Wine Culture Magazine

The Vitis wine writer wins the industry’s top award, and we couldn’t be more proud

The BC Wine Institute has honoured Tim Pawsey with its 2020 Industry Recognition Award. Photo contributed

If that’s a British Columbia wine you have in your glass, you can in large measure thank Tim Pawsey for putting it there. Not because he made it, or sold it, or poured it in a restaurant. But because, over three decades as a wine writer, he has championed our local wines and the people who make them, even when few others did.

“I’ve grown up with B.C. wines,” says Pawsey, who is a regular contributor to Vitis and blogs at “The story’s just so good, and there’s so much more to come.”

For being such a steadfast yet clear-eyed cheerleader, the BC Wine Institute has just honoured Pawsey with its 2020 Industry Recognition Award, which recognizes “a non-winery industry individual, business or organization for support of the BC wine industry.” (The BCWI has also honoured Robert Smith, the director of sales for Hester Creek Winery, with its Award of Distinction, which recognizes a winery representative for outstanding leadership and support of BC wine.)

I realized that having a wine industry on our doorstep was fantastic.

Pawsey, who is originally from England, came at wine writing sideways. He was writing restaurant reviews for the Vancouver Courier newspaper when Richard Carras, then the director of sales for Robert Mondavi Winery and later president of Authentic Wine & Spirits Merchants, told him that if he wanted to write about food, he should also write about wine. And then he invited him to a tasting.

“My first tasting was with Michael Mondavi at the Four Seasons and that really was intimidating,” Pawsey recalls. “The upshot of that was that the Mondavis became really close associates.” His wife Heather, who is an opera singer, even sang at the legendary patriarch Robert Mondavi’s birthday party.

When Pawsey started writing about wine back in the late 1980s and early ’90s, the wine community was still looking to the Old World, with the occasional glance toward California and Australia. B.C. wasn’t even on the map. “People don’t understand that the atmosphere at the time was total disdain for anything except French and Italian wine,” Pawsey says. “But I realized that having a wine industry on our doorstep was fantastic.”

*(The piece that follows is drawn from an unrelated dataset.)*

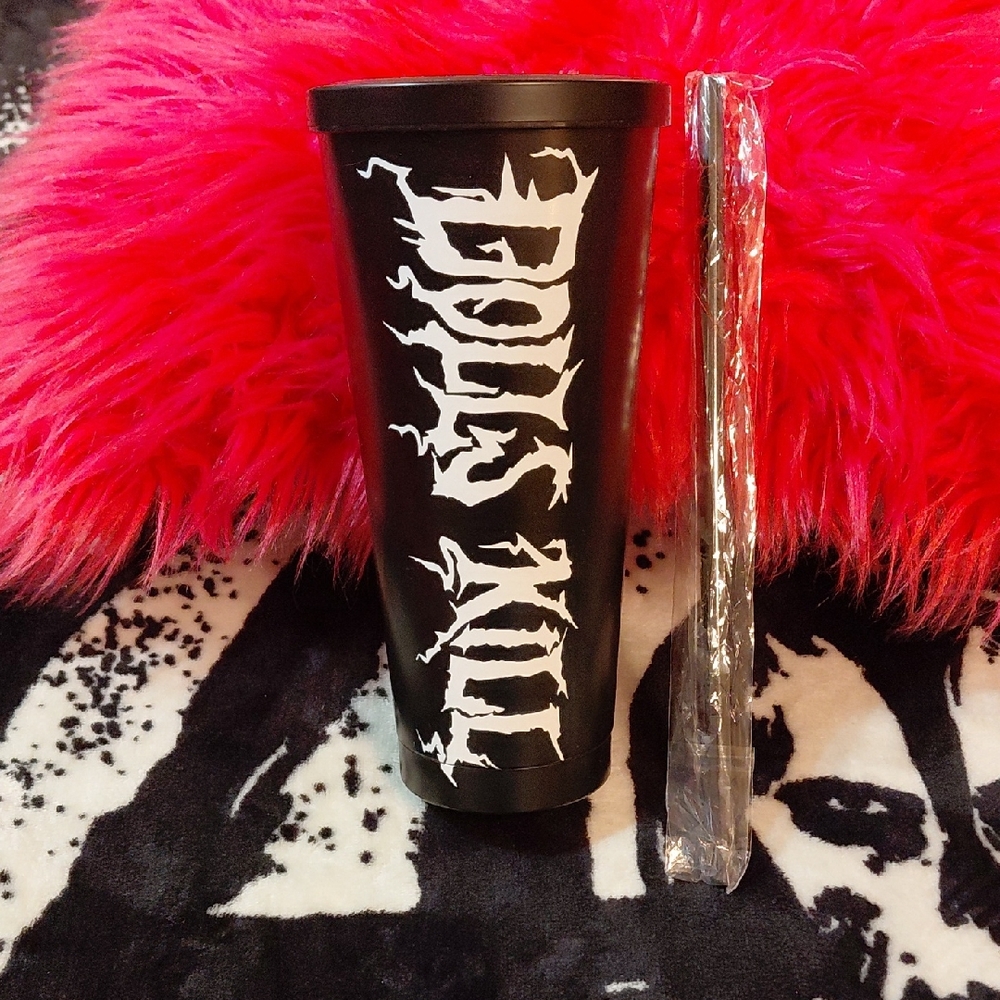 DOLLSKILL BLACK WITH WITH DOLLSKILL LETTERING HAS A SCREW ON TOP AND STRAW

He adds, “My eyes were opened by people like Janice Lotzkar at the Raintree Restaurant. She had the first all-B.C. wine list and people thought she was nuts.” He firmly believes that it was the growth of the wine industry that shaped B.C.’s celebrated regional cuisine, even though back in the 1990s getting sommeliers to travel to the Okanagan was “an uphill battle.”

In a career of many highlights, one of the most significant was the establishment of the Vintners Quality Alliance in 1990. “Going to Jasper for the announcement of VQA was quite something. That was pretty monumental,” Pawsey says. “That was transformational.”

Although there had been fierce debate about VQA, the quality control standard was essential for B.C. wine. Pawsey, who was a founding judge of The BC Lieutenant Governor’s Awards for Excellence in Wineand frequently judges other wine competitions, recalls what it was like judging B.C. wine in the early ’90s. “You never knew what was coming next in the glass. There was a lot of flawed wine,” he says.

By the end of the decade, that had changed. In 1998, when Canada House, the Canadian High Commission’s home in London, reopened after a lengthy renovation, Pawsey was on hand as B.C. wines were poured for the Queen and an unusually appreciative British media. The experience confirmed for him that he’d been right about the potential of B.C. wines.

“It’s amazing how rapidly things happened,” he says. Since then he’s seen countless changes, including the establishments of sub-appellations, the impact of climate change and the emergence of what used to be called “borderline regions,” such as Kamloops, the Kootenays and Vancouver Island.

And he’s had a knack for creating great friendships along the way. At a virtual celebration of the BCWI award on December 16, one major figure in the B.C. wine industry after another appeared on-screen to recall trips, tastings, anecdotes and kindnesses shared over a lifetime in wine.

“Oh gosh, I was totally overwhelmed. It’s a huge honour,” Pawsey says. “It sort of re-affirms what I’ve believed all these years. It’s a lovely affirmation for me.”